AIM OF THE TASK =
Find the line with "601 NE 1st Ave" in the data below, then restate it and all remaining lines exactly, adding nothing.

-------

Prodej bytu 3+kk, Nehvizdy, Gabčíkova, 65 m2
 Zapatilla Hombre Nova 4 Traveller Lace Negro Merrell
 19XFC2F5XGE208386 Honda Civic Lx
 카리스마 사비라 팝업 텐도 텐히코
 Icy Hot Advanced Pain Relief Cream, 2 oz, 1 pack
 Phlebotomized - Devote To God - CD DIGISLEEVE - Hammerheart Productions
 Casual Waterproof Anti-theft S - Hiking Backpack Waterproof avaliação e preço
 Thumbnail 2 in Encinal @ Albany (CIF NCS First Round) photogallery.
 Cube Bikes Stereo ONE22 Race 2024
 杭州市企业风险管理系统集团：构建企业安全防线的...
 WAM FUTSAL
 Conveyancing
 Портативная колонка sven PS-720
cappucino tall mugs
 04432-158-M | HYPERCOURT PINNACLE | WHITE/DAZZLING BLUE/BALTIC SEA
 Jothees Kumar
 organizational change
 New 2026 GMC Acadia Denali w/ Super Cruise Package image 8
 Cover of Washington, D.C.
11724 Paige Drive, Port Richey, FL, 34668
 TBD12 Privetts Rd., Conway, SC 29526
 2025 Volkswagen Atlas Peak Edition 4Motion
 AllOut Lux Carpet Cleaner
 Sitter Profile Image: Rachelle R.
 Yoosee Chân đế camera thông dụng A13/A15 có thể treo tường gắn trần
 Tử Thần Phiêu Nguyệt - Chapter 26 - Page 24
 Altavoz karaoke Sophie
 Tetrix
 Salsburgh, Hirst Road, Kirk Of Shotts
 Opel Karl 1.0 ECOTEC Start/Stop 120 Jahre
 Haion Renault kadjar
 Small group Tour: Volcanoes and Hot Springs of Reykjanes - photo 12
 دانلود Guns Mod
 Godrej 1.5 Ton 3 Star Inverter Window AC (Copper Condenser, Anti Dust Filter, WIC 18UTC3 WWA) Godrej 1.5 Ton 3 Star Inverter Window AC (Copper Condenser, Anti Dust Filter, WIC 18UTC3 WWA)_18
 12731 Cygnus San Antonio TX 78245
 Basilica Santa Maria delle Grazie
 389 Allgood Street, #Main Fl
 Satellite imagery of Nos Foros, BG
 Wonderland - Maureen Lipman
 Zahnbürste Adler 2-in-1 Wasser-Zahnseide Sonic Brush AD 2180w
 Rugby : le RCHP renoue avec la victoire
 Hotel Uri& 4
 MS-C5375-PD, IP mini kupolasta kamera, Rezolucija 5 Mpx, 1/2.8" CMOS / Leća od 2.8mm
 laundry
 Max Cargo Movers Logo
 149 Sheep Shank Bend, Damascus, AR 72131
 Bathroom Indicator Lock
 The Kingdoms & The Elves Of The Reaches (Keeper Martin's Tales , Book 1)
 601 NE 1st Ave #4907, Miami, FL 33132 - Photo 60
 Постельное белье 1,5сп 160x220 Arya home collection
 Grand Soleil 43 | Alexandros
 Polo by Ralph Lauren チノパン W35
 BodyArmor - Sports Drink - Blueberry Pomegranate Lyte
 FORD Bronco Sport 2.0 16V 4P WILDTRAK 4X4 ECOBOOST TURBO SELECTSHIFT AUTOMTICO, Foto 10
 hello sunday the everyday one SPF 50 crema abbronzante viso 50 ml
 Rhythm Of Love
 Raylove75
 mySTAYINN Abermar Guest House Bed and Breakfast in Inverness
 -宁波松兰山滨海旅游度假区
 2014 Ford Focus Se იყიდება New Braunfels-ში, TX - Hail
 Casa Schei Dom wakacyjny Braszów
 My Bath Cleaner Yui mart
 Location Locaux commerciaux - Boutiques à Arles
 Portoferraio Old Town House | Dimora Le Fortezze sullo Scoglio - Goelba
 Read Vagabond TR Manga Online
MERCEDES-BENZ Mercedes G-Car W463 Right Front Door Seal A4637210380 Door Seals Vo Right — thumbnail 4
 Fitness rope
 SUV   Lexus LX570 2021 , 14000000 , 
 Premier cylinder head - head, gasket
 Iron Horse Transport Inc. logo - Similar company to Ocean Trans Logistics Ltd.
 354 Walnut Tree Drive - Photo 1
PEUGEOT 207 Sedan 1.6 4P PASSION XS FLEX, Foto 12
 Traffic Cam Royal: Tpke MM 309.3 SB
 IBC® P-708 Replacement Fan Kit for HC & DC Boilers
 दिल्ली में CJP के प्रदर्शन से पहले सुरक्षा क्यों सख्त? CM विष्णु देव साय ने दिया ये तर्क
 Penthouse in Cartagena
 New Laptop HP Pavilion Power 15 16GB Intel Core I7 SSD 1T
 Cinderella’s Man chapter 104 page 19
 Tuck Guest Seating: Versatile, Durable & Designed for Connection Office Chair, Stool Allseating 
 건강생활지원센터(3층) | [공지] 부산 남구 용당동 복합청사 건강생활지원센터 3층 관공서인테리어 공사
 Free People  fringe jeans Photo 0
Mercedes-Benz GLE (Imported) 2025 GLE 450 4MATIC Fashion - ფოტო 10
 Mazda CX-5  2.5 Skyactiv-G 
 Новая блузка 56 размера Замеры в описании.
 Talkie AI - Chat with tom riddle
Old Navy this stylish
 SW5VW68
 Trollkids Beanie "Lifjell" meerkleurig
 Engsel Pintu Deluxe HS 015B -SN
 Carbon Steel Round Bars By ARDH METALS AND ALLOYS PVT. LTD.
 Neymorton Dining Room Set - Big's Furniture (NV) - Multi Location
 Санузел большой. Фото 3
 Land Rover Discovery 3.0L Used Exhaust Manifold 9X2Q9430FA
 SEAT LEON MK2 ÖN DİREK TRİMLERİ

-------

RESPONSE FOR THIS EXERCISE =
 601 NE 1st Ave #4907, Miami, FL 33132 - Photo 60
 Постельное белье 1,5сп 160x220 Arya home collection
 Grand Soleil 43 | Alexandros
 Polo by Ralph Lauren チノパン W35
 BodyArmor - Sports Drink - Blueberry Pomegranate Lyte
 FORD Bronco Sport 2.0 16V 4P WILDTRAK 4X4 ECOBOOST TURBO SELECTSHIFT AUTOMTICO, Foto 10
 hello sunday the everyday one SPF 50 crema abbronzante viso 50 ml
 Rhythm Of Love
 Raylove75
 mySTAYINN Abermar Guest House Bed and Breakfast in Inverness
 -宁波松兰山滨海旅游度假区
 2014 Ford Focus Se იყიდება New Braunfels-ში, TX - Hail
 Casa Schei Dom wakacyjny Braszów
 My Bath Cleaner Yui mart
 Location Locaux commerciaux - Boutiques à Arles
 Portoferraio Old Town House | Dimora Le Fortezze sullo Scoglio - Goelba
 Read Vagabond TR Manga Online
MERCEDES-BENZ Mercedes G-Car W463 Right Front Door Seal A4637210380 Door Seals Vo Right — thumbnail 4
 Fitness rope
 SUV   Lexus LX570 2021 , 14000000 , 
 Premier cylinder head - head, gasket
 Iron Horse Transport Inc. logo - Similar company to Ocean Trans Logistics Ltd.
 354 Walnut Tree Drive - Photo 1
PEUGEOT 207 Sedan 1.6 4P PASSION XS FLEX, Foto 12
 Traffic Cam Royal: Tpke MM 309.3 SB
 IBC® P-708 Replacement Fan Kit for HC & DC Boilers
 दिल्ली में CJP के प्रदर्शन से पहले सुरक्षा क्यों सख्त? CM विष्णु देव साय ने दिया ये तर्क
 Penthouse in Cartagena
 New Laptop HP Pavilion Power 15 16GB Intel Core I7 SSD 1T
 Cinderella’s Man chapter 104 page 19
 Tuck Guest Seating: Versatile, Durable & Designed for Connection Office Chair, Stool Allseating 
 건강생활지원센터(3층) | [공지] 부산 남구 용당동 복합청사 건강생활지원센터 3층 관공서인테리어 공사
 Free People  fringe jeans Photo 0
Mercedes-Benz GLE (Imported) 2025 GLE 450 4MATIC Fashion - ფოტო 10
 Mazda CX-5  2.5 Skyactiv-G 
 Новая блузка 56 размера Замеры в описании.
 Talkie AI - Chat with tom riddle
Old Navy this stylish
 SW5VW68
 Trollkids Beanie "Lifjell" meerkleurig
 Engsel Pintu Deluxe HS 015B -SN
 Carbon Steel Round Bars By ARDH METALS AND ALLOYS PVT. LTD.
 Neymorton Dining Room Set - Big's Furniture (NV) - Multi Location
 Санузел большой. Фото 3
 Land Rover Discovery 3.0L Used Exhaust Manifold 9X2Q9430FA
 SEAT LEON MK2 ÖN DİREK TRİMLERİ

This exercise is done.